# Broccoli Casserole



## meateater (Jul 2, 2011)

Thanks to smokinstevo27 for the recipe. I  took the broccoli florets and put them in a pyrex dish and added sliced fresh garlic and shallot, some Goya lemon pepper salt, olive oil and some fresh sliced lemon on top. I covered in foil and put in the roaster oven till done “Al Dente” on the florets. I forgot I didn’t have any parm in the fridge, oh well next time. This dish rocks for sure.


----------



## smokinstevo27 (Jul 2, 2011)

Oh man! That looks great. The shallots are a nice twist, I'll have to try that next time.


----------



## adiochiro3 (Jul 2, 2011)

Meateater -- where's the *MEAT*???!!!!! 
	

	
	
		
		



		
		
	


	





   The veggie dish looks great!  Hope ya aren't going vegetarian on us though!  
	

	
	
		
		



		
		
	


	





   "Vegetarian" is just an old Indian word for "bad hunter."


----------



## meateater (Jul 2, 2011)

smokinstevo27 said:


> Oh man! That looks great. The shallots are a nice twist, I'll have to try that next time.

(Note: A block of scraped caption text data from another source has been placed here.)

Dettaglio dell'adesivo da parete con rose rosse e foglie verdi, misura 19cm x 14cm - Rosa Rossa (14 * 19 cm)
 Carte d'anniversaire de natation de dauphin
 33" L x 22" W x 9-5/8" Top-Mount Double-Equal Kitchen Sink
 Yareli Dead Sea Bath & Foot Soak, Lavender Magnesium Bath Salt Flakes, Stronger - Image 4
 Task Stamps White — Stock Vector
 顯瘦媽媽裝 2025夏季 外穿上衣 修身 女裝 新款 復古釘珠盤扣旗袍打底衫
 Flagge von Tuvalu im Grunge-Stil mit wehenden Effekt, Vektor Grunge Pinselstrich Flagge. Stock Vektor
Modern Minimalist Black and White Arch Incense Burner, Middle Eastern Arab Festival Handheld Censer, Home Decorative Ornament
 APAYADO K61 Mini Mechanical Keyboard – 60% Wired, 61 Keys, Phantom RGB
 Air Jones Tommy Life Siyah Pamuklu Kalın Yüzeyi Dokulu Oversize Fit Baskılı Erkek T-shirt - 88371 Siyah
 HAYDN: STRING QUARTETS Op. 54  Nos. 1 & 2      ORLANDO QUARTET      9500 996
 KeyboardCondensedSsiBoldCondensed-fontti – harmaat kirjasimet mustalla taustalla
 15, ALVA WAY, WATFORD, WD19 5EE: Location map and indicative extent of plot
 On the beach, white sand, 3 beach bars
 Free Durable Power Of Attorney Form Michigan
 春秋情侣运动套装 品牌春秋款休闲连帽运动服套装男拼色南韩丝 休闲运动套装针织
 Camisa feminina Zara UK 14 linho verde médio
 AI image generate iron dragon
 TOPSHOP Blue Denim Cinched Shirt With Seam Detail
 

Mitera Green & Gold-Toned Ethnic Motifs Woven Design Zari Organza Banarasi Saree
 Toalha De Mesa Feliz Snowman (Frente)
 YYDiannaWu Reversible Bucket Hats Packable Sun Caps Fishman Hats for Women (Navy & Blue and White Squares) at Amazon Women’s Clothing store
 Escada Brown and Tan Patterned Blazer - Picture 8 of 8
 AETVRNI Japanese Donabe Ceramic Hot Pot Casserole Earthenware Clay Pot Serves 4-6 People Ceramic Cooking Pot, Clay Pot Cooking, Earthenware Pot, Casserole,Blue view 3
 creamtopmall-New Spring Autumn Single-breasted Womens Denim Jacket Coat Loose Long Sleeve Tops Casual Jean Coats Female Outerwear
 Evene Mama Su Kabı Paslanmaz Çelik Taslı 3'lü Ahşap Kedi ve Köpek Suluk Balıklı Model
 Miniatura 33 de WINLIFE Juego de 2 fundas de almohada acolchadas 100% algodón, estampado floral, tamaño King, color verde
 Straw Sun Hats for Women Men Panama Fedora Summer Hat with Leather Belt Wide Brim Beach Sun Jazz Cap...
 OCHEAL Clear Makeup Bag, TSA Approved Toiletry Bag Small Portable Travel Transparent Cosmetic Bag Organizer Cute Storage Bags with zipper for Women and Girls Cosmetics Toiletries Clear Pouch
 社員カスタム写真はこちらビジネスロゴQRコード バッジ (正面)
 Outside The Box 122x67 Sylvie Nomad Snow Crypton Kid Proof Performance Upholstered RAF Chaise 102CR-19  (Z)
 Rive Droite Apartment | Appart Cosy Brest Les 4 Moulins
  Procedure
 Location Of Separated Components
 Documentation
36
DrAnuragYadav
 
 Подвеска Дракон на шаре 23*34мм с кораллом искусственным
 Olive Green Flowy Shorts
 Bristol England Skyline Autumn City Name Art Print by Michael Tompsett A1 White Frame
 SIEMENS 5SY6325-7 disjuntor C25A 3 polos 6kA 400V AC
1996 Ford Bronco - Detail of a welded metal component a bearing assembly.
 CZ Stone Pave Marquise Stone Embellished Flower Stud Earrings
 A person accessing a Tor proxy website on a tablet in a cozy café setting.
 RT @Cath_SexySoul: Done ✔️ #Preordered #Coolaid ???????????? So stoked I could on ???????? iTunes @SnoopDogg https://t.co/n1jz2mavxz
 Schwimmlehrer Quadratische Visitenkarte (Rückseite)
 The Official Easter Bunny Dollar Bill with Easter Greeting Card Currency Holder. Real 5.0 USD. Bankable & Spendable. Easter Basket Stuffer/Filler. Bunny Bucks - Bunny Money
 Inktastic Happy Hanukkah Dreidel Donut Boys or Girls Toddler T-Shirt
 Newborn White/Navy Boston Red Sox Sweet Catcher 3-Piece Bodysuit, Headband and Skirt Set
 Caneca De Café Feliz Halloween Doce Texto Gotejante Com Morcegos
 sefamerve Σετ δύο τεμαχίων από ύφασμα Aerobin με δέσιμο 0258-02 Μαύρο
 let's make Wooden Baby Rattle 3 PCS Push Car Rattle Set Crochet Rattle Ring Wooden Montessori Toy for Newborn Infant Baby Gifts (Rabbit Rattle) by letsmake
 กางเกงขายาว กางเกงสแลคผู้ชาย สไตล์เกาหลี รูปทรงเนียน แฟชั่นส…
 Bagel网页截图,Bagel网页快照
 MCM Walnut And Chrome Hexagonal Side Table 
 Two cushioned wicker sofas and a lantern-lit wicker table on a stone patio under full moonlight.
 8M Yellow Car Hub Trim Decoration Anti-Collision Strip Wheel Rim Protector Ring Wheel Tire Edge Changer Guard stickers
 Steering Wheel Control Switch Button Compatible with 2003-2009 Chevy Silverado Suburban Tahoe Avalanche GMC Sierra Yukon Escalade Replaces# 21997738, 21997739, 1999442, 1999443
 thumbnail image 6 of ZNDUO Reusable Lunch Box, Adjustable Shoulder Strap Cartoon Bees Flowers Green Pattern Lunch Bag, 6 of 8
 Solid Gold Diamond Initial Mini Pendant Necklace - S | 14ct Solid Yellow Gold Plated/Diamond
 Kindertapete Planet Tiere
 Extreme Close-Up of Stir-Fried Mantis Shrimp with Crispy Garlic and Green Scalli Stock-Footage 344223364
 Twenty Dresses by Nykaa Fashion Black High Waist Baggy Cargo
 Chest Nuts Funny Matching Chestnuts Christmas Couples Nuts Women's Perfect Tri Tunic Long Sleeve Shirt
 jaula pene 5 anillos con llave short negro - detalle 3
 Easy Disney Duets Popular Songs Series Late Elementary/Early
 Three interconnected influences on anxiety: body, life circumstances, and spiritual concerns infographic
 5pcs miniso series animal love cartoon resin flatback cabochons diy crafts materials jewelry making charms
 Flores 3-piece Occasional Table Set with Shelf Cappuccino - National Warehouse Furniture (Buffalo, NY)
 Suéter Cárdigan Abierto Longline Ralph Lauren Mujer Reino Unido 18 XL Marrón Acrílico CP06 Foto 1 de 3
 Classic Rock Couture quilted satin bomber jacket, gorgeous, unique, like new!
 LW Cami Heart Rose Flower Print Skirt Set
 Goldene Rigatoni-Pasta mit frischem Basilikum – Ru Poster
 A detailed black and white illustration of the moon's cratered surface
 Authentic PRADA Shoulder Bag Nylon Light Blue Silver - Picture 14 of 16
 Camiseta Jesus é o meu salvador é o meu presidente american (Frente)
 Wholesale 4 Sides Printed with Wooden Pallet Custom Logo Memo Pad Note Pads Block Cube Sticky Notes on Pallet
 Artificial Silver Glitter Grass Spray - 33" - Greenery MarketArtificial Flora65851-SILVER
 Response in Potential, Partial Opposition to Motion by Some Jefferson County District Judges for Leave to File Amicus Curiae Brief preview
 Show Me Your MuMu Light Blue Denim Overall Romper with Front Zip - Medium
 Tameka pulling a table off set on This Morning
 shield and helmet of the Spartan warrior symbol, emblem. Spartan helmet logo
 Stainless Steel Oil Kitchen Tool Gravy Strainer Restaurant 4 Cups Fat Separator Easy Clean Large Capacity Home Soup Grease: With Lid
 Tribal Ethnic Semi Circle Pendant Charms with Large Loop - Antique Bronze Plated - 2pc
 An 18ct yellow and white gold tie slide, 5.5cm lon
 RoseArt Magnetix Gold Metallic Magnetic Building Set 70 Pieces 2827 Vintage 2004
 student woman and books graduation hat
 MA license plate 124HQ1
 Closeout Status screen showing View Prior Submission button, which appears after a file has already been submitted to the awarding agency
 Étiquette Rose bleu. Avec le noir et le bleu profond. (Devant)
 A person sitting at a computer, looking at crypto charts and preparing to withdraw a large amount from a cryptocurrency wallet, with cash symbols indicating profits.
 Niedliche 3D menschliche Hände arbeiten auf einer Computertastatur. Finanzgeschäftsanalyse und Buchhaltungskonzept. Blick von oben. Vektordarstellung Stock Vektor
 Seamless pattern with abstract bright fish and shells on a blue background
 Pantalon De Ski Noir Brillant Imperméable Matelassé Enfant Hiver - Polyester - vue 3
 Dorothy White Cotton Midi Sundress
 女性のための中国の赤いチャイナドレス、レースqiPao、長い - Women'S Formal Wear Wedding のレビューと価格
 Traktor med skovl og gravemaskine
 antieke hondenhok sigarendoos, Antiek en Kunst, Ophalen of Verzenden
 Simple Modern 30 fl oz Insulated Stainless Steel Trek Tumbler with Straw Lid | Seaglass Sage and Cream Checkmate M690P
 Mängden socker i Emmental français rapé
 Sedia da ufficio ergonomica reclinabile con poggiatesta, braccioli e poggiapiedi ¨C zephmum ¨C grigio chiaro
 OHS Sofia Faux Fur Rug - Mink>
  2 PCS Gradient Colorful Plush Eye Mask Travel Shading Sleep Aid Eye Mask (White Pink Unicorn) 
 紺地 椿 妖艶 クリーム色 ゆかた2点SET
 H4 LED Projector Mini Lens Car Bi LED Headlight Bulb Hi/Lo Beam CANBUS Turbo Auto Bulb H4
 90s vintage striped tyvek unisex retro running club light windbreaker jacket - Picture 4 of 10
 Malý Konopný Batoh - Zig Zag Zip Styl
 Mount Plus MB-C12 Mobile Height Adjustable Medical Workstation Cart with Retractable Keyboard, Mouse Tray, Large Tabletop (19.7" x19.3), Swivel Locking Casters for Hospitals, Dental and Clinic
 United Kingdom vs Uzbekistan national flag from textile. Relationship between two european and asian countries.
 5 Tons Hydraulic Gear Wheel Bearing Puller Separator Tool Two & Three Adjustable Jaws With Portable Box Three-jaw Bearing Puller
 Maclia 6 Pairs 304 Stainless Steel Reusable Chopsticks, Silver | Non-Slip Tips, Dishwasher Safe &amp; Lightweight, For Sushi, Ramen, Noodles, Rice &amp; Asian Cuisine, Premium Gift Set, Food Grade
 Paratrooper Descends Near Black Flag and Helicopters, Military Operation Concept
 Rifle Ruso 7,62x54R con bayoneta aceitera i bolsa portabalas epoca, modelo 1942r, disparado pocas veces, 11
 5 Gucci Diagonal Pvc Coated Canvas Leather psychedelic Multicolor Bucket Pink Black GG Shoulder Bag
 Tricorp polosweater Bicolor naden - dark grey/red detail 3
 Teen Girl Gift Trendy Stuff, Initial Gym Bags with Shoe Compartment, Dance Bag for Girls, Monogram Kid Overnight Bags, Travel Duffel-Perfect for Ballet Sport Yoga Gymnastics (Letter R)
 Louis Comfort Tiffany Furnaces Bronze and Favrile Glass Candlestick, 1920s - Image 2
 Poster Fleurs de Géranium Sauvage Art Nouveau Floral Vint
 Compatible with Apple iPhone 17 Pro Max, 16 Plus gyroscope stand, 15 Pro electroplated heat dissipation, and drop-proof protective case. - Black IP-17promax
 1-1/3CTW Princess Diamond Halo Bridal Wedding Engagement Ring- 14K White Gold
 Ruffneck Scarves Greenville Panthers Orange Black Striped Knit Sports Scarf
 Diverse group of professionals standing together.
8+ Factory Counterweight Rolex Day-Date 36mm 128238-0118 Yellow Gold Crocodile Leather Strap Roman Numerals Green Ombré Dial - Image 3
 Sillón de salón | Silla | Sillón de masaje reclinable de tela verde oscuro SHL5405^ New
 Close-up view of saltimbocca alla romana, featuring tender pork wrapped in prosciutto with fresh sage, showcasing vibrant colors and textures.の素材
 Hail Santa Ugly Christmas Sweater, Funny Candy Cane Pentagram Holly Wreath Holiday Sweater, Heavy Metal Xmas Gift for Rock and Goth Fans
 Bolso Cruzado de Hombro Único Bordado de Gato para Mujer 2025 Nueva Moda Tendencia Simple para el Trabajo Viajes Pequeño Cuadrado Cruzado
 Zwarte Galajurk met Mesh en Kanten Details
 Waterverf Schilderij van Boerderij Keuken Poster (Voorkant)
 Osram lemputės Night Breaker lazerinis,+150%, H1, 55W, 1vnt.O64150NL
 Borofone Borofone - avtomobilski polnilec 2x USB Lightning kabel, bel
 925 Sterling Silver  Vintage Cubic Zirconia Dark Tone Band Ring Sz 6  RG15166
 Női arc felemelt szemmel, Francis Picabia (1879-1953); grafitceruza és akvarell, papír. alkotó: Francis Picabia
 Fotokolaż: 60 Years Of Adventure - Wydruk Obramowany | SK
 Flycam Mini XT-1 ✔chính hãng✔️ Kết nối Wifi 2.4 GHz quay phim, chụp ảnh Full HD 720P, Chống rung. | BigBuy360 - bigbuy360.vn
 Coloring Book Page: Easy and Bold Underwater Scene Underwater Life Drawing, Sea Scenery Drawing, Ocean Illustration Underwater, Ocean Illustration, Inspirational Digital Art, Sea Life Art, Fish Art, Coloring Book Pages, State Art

Thanks Steve, that dish is a keeper. I wish I didn't forget the parm.  The lemon is the kicker! Awesome. 
	

	
	
		
		



		
		
	


	








adiochiro3 said:


> Meateater -- where's the *MEAT*???!!!!!
> 
> 
> 
> ...


Even meat needs some roughage now and then.


----------



## cowgirl (Jul 2, 2011)

Great looking broccoli!! Thanks for sharing the recipe.


----------



## smokinstevo27 (Jul 3, 2011)

The parm adds some nice salty, cheesy goodness. Try it next time! And your welcome.

 


meateater said:


> Thanks Steve, that dish is a keeper. I wish I didn't forget the parm.  The lemon is the kicker! Awesome.
> 
> 
> 
> ...


----------



## SmokinAl (Jul 3, 2011)

We love brocolli here too. The dish looks great, but i agree it would have been better with the parm., maybe a little mozz. too.


----------